What the task asks: Go line by line through the records below. Copy whichever lines contain the string "Photo".

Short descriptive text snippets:
####################
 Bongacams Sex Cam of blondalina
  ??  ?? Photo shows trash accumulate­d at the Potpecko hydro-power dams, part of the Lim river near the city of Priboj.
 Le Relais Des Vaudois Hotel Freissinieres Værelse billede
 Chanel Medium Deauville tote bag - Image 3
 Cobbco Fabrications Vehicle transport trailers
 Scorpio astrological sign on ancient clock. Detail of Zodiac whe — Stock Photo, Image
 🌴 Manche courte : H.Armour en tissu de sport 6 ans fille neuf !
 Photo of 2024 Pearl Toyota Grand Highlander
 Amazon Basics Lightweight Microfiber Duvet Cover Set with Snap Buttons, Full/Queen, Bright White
####################
Reply to the task:
  ??  ?? Photo shows trash accumulate­d at the Potpecko hydro-power dams, part of the Lim river near the city of Priboj.
 Scorpio astrological sign on ancient clock. Detail of Zodiac whe — Stock Photo, Image
 Photo of 2024 Pearl Toyota Grand Highlander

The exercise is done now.